(Records for the exercise):
• • • • •

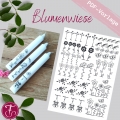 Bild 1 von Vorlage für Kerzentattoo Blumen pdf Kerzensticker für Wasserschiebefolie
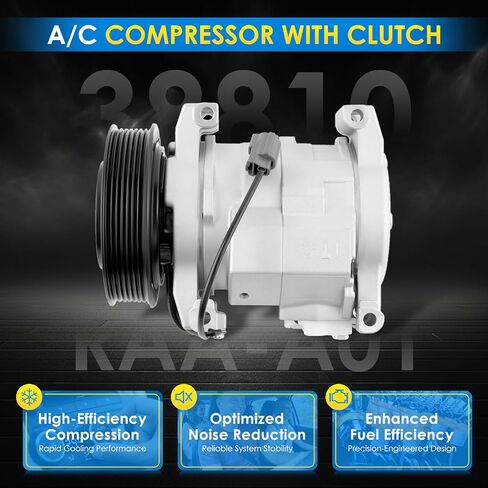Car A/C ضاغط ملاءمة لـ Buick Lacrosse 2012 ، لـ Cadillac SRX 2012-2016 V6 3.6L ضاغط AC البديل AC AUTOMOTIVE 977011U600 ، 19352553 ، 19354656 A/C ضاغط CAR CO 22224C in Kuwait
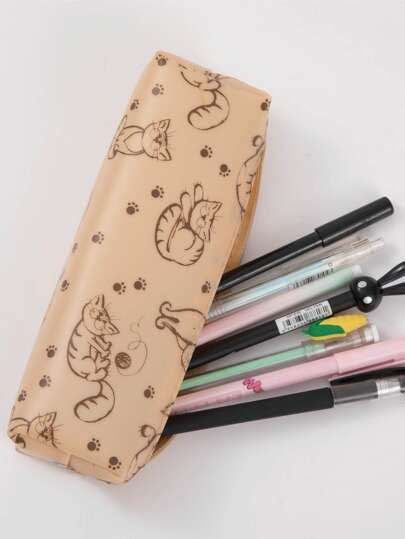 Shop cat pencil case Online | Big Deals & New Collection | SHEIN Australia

• • • • •

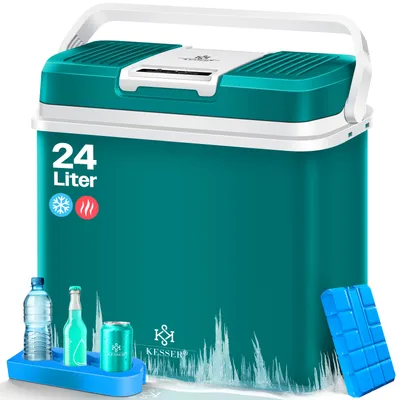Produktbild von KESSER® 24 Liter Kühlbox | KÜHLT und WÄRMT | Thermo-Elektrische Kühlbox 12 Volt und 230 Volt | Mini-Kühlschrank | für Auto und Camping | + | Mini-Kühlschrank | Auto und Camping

• • • • •

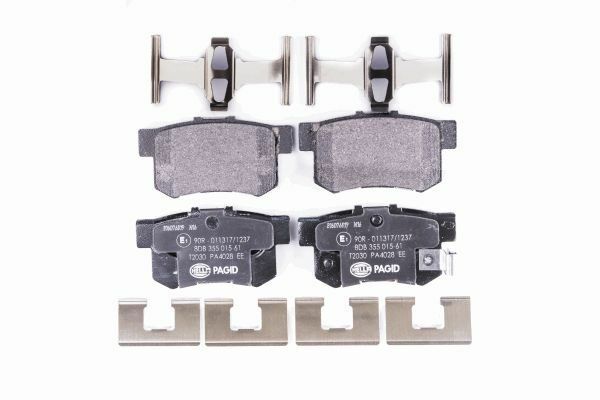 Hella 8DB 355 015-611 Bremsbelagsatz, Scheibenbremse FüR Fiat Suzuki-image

• • • • •

(Exercise): What's needed is an exact copy of the lines above from the one with "Bild 1 von Vorlage" through the one with "Shop cat pencil", both included; the pictures stay out.

(Output):
 Bild 1 von Vorlage für Kerzentattoo Blumen pdf Kerzensticker für Wasserschiebefolie
Car A/C ضاغط ملاءمة لـ Buick Lacrosse 2012 ، لـ Cadillac SRX 2012-2016 V6 3.6L ضاغط AC البديل AC AUTOMOTIVE 977011U600 ، 19352553 ، 19354656 A/C ضاغط CAR CO 22224C in Kuwait
 Shop cat pencil case Online | Big Deals & New Collection | SHEIN Australia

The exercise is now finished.